Penyebab Youngjae selalu membuang kertas ukiran pena atas namanya itu.

 

 

*

 

 

Satu jiwa tersisa dikelas. Entah berjiwa atau tidak. Youngjae sedang duduk termenung ditemani semilir angin kusen jendela. Menyembunyikan wajahnya dibalik kedua tangan yang ia lipat diatas meja.

 

 

 

“Kau masih berjiwa?” suaraku diambang pintu memecah.

 

 

 

Youngjae seperti mendengar suaraku, namun hanya menengok seadanya. Membuang mukanya-yang nampak tak bergairah, Ia pun bangkit dari kursinya, menghampiriku.

 

 

“Apa pedulimu?”

 

 

Dan dia pergi ketika aku menoleh padanya.

 

 

Aku sempat berpikir apakah seorang teroris bertingkah laku layaknya namja itu? Mengingat dimana aku mengenal Youngjae pertama kali, dibandingkannya yang sekarang, mungkin kau anggap jiwanya adalah Galaxi.

 

 

*

 

 

“Dan…. Pemenanganya adalah– ”

 

 

 

“ –Choi Youngjae!”

 

 

 

Terulang, lantunan yang sama, dari orang pemegang jadwal acara itu. Berdiri puluh meter dari Namsan Tower, sebuah lomba menyanyi yang tak terlalu besar diadakan. Jangan kalian bertanya apa yang terjadi selanjutnya.

 

 

Choi Youngjae tak pernah mengindahkan kata ‘Menang’ seumur hidup aku mengenalnya.

 

 

*

 

 

Aku berniat menyapa lokerku-tempat pertama yang selalu kutemui-sebelum masuk ke ruang kelas. Sekaligus, menyapa laki-laki misteriusku diantara satu deret pintu hijau yang sama.

 

 

Bingo!

 

 

Sedetik tak pernah absen. Youngjae baru saja menutup lokernya, dan pergi tanpa melihatku sebelumnya. Tak berselang sebuah kertas kaku berisi tinta banyak warna melayang turun ketika Youngjae melangkah. Ragu mengambil langkah, meneliti besar keingintahuan. Aku menangkap kertas itu.

 

 

 

 

Bukan

 

 

 

 

 

Ini bukan sebuah puisi bergambar pelangi ataupun matahari dengan mata, hidung, dan mulut tersenyum seperti wajah bayi.

 

 

 

Ini sebuah foto

 

 

 

Tak asing

 

 

 

Miliknya

 

 

 

Choi Youngjae

 

 

 

Bersama Wanita

 

 

 

 

 

 

Apa aku lantas berpikir ini pacarnya?

 

 

*

 

 

 

Senang tak terbendung mendengar namaku dan Youngjae disebutkan oleh guru favoritku di depan sana, Seo Songsaenim.

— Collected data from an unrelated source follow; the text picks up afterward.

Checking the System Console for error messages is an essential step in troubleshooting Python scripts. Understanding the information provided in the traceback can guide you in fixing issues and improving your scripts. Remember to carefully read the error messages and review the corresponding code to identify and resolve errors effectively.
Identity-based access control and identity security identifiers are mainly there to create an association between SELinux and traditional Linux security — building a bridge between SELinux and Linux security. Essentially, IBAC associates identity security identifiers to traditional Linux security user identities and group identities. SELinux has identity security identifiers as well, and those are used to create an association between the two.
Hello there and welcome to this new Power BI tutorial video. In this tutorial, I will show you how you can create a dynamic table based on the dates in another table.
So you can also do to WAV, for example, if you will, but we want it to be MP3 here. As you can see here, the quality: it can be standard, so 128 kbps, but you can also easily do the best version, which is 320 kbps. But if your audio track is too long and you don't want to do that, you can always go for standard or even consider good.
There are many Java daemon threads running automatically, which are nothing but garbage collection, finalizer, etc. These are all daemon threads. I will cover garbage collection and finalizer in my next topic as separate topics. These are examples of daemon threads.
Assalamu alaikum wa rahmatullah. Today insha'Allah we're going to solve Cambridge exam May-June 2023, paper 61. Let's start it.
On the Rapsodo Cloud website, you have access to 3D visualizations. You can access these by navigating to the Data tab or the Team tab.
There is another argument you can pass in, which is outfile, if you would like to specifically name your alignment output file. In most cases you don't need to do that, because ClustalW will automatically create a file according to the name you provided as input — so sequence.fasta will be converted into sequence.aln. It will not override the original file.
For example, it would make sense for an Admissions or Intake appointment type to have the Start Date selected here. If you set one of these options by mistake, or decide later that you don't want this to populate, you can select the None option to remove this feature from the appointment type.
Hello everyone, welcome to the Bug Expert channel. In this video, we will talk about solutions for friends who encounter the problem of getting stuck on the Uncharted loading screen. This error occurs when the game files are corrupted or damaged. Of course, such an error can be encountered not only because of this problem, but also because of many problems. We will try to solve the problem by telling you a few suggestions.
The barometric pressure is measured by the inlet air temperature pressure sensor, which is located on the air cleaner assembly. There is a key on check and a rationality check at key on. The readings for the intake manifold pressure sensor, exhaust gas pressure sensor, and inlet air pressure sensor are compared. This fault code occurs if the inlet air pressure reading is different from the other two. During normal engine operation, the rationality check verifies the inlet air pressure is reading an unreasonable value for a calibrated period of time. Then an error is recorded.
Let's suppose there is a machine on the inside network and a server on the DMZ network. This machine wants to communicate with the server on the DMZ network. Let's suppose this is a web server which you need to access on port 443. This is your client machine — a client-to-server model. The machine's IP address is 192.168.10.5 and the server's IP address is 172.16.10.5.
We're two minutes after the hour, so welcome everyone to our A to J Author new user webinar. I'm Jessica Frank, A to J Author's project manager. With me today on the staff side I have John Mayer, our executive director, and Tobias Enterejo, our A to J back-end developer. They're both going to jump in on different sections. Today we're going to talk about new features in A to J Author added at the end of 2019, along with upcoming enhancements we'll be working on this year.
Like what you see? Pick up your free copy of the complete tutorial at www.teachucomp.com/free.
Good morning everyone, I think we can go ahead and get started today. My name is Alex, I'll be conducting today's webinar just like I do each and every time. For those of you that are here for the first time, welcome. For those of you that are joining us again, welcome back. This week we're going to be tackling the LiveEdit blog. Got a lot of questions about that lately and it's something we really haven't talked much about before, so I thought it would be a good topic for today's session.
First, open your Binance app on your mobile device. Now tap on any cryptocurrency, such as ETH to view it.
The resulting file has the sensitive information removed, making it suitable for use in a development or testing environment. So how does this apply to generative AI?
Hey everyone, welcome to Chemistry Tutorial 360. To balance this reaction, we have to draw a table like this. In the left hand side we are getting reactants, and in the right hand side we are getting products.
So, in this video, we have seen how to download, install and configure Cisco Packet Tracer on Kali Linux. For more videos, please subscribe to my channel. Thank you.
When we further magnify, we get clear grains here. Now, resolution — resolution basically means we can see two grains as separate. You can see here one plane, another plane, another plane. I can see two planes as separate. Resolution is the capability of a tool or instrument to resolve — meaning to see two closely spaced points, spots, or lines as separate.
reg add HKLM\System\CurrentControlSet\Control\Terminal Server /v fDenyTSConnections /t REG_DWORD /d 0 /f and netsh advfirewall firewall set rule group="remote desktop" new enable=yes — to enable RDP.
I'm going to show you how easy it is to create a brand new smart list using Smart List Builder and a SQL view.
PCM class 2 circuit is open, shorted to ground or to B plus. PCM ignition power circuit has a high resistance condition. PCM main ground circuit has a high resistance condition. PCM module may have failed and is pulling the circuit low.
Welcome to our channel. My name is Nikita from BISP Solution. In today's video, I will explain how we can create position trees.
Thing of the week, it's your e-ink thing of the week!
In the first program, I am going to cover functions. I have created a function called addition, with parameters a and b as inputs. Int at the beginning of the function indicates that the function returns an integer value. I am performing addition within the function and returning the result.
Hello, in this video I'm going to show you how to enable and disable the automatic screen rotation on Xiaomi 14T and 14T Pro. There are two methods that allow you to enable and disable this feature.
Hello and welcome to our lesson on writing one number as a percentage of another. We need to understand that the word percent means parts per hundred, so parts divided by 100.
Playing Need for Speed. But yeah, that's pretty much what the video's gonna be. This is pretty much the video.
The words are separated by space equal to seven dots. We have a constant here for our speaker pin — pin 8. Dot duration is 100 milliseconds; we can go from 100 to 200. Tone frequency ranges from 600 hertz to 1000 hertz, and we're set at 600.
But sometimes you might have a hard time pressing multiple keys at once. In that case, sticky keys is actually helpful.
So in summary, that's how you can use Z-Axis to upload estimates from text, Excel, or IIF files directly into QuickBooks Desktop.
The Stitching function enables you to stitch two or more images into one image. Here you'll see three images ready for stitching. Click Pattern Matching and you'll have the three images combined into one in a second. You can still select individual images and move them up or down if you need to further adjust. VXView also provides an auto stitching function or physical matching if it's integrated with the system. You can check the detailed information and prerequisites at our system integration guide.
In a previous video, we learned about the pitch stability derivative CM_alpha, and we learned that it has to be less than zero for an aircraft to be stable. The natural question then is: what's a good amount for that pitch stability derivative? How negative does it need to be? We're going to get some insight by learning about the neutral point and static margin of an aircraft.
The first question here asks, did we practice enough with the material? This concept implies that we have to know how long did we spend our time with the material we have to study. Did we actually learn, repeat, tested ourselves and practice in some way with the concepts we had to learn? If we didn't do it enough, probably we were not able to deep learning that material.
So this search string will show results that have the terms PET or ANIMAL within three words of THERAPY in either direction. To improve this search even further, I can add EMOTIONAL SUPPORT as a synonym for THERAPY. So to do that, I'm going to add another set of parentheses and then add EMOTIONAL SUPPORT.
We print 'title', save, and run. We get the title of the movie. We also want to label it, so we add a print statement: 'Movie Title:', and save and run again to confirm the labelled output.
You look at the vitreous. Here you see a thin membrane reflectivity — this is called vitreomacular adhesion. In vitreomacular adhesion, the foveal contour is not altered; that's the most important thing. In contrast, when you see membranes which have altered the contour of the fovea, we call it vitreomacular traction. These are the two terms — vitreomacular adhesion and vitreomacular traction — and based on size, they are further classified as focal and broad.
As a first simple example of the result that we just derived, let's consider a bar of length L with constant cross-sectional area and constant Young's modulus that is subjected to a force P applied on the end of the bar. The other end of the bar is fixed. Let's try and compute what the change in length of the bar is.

Aku menengok Pada Youngjae, berpikir bagaimana ekspresi setelahnya.

 

 

Selamat! Kau Nihil!

 

 

Hanya sebongkah patung tak bergerak, bahkan layak tak bernafas. Sama sekali tak merespon macam apapun sambutan kebahagiaan yang disertakan untuknya. Utamanya, ketika Seo Songsaenim memanggil kami-Aku dan Youngjae-untuk menerima ucapan selamat darinya.

 

 

 

Kau tahu? Kami berdiri bersama.

 

 

 

Aku berjalan ke depan, Tapi Youngjae memilih ke belakang. Meninggalkan kelas tanpa pesan.

 

 

 

 

Tak ada salahnya mencoba menyapa seseorang yang sedang tertidur. Barang mengganggu, memang itu tujuanku. Menyapa namja dengan kepalanya yang tersandar pada punggung kursi taman. Menatapku sekilas, lalu kembali merenggangkan lehernya. Aku lantas mencubitnya kesal.

 

 

“Aight!”

 

 

“What’s your want?”

 

 

Gerak cepat aku mengambil sisi bebas disebelahnya. Tidak peduli akan raut kesalnya yang terakhir kutemukan saat zaman Athena memimpin perang. Dia terheran melihatku tak merespon apapun, walaupun wajahnya masih sama lurus.

 

 

“Siapa yang menyuruhmu duduk?”

 

 

“Waeyo? Memangnya tidak boleh?”

 

 

“Memang tidak boleh”

 

 

“Berhentilah memarahiku!”

 

 

“Siapa peduli? Ini tempatku”

 

 

“Aku ingin duduk”

 

 

“Tak ada yang menyuruhmu duduk”

 

 

“Why so meanie?”

 

 

 

Barang mencoba melirik namja disampingku walaupun kesal, bola mataku kembali berputar mengetahui Youngjae sedang memandangiku. Bola mata yang indah menurutku. Dan dadaku mulai tak terbakar ketika ia kembali tertidur.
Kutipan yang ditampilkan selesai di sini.